[Captioned web image data]
::::::

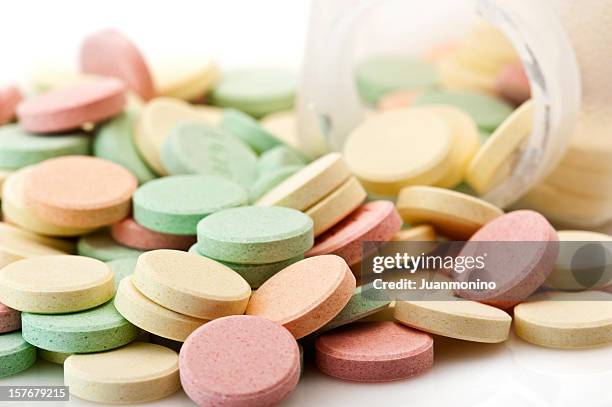 multicolored antacid tablets - alkaline stockfoto's en -beelden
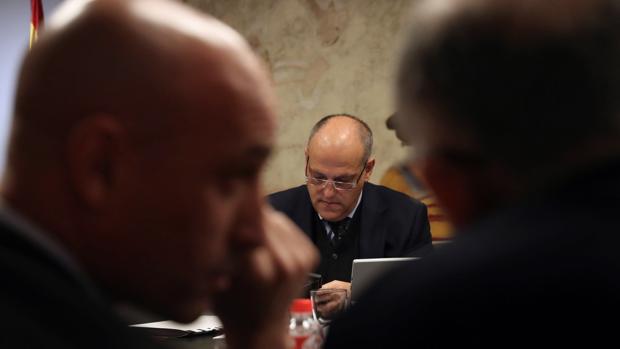 Tebas, con Rubiales en primer plano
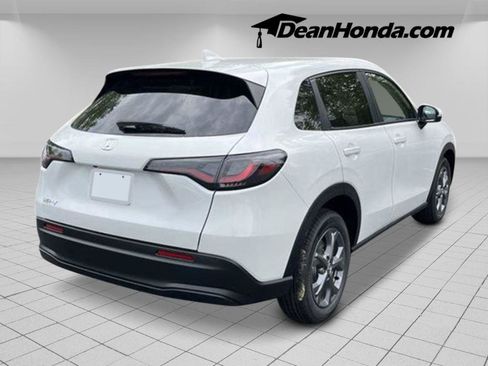 New 2026 Honda HR-V LX image 5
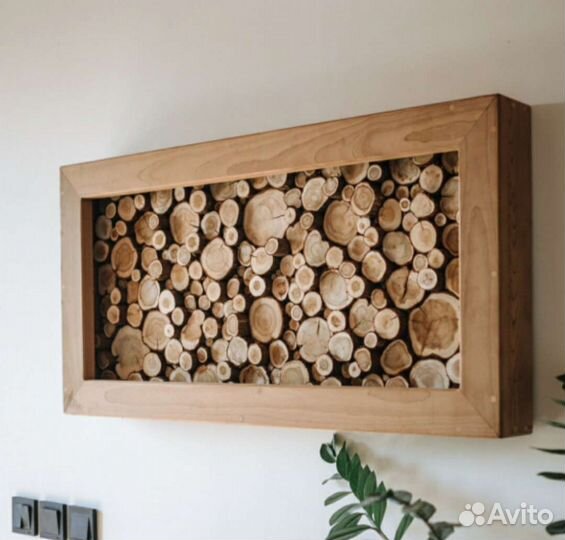 Панно из можжевельника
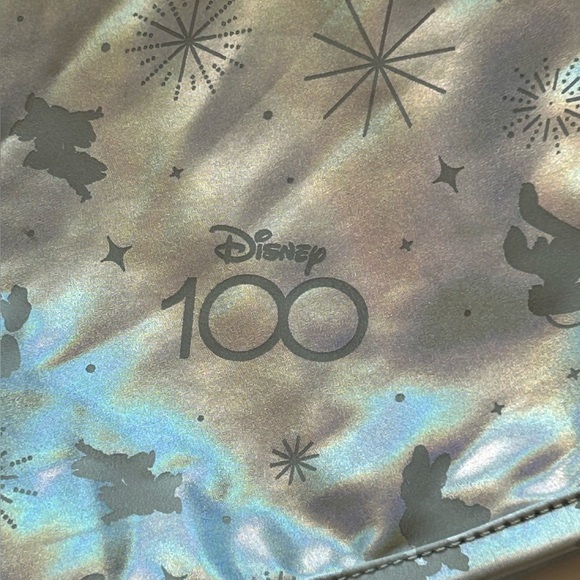 Disney 100th Anniversary Silver Holographic Stretch Skorts Bow Accent Girls 7/8 - Picture 10 of 10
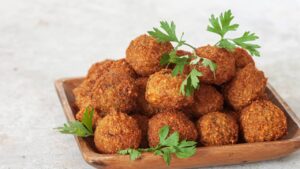 Falafel dourado, cheio de ervas e emoção, perfeito pra acompanhar pão, salada ou pura curiosidade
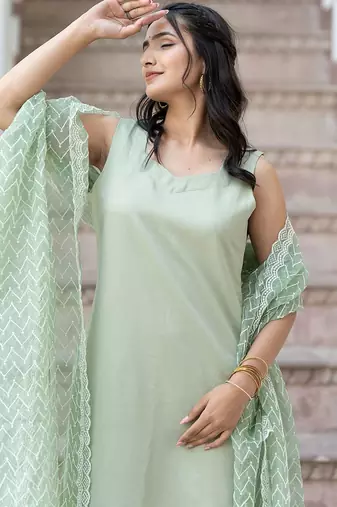 Sweetheart Neck Regular Thread Work Pure Silk Kurta With Trousers & Dupatta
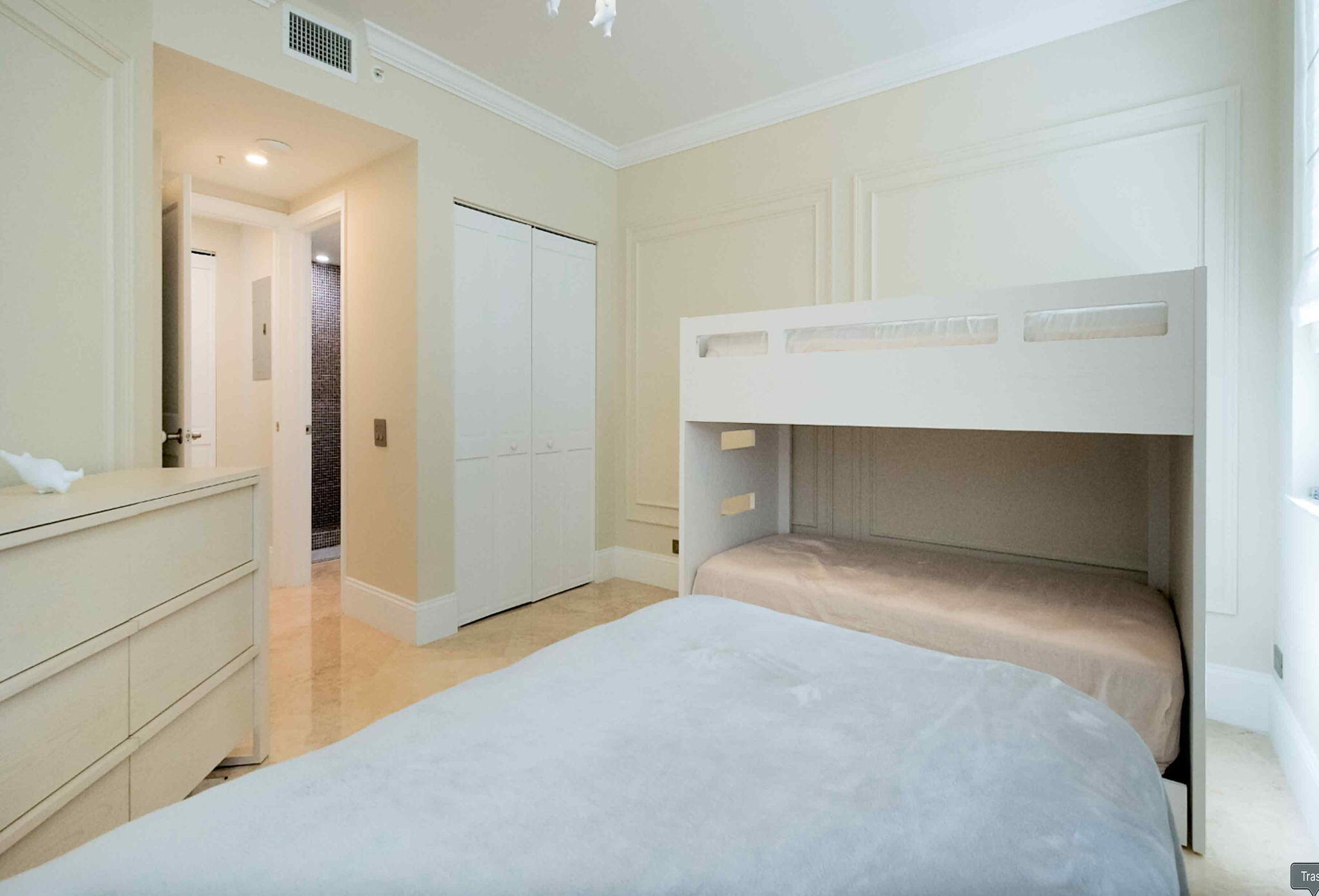 701 Brickell Key #1604, Miami FL 33131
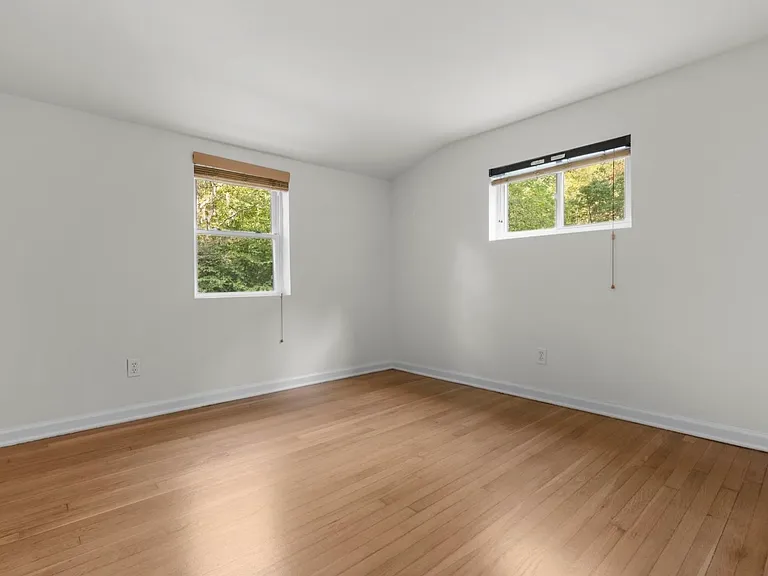 89 Book Hill Rd — Photo 10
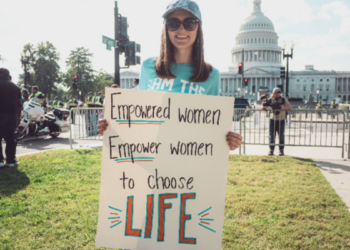 Legge Provvidenza per la Vita: Privilegiare il sostegno alle donne nell’era post-Roe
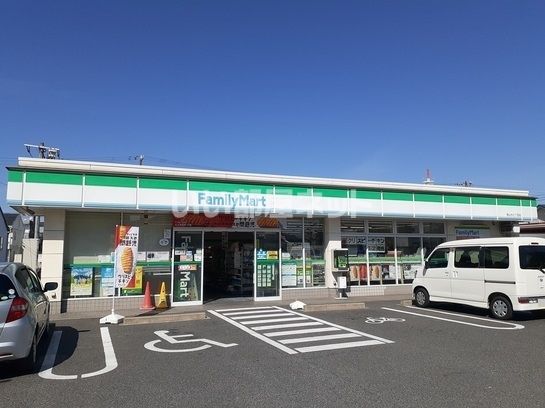 コンビニ　ファミリーマート 岡山下中野本町店（コンビニ）まで383m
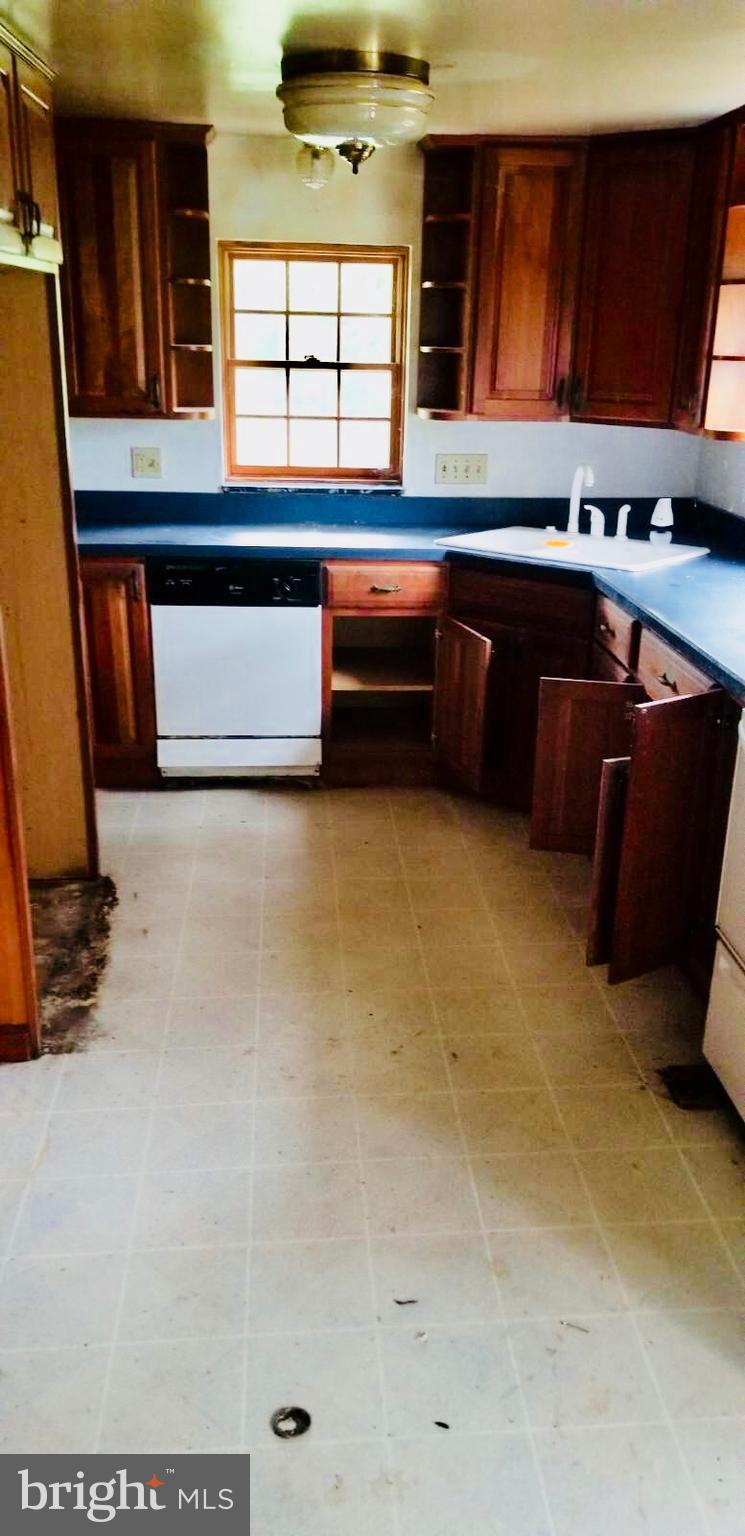9018 Walter Martz Road Frederick, MD 21702 - Photo 3 of 20 Kitchen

::::::

An exact copy of the lines from the one with "New 2026 Honda HR-V LX image 5" through the end of the entries above, both included, is the whole answer. It contains no pictures.

#### Answer area
 New 2026 Honda HR-V LX image 5
 Панно из можжевельника
 Disney 100th Anniversary Silver Holographic Stretch Skorts Bow Accent Girls 7/8 - Picture 10 of 10
 Falafel dourado, cheio de ervas e emoção, perfeito pra acompanhar pão, salada ou pura curiosidade
 Sweetheart Neck Regular Thread Work Pure Silk Kurta With Trousers & Dupatta
 701 Brickell Key #1604, Miami FL 33131
 89 Book Hill Rd — Photo 10
 Legge Provvidenza per la Vita: Privilegiare il sostegno alle donne nell’era post-Roe
 コンビニ　ファミリーマート 岡山下中野本町店（コンビニ）まで383m
9018 Walter Martz Road Frederick, MD 21702 - Photo 3 of 20 Kitchen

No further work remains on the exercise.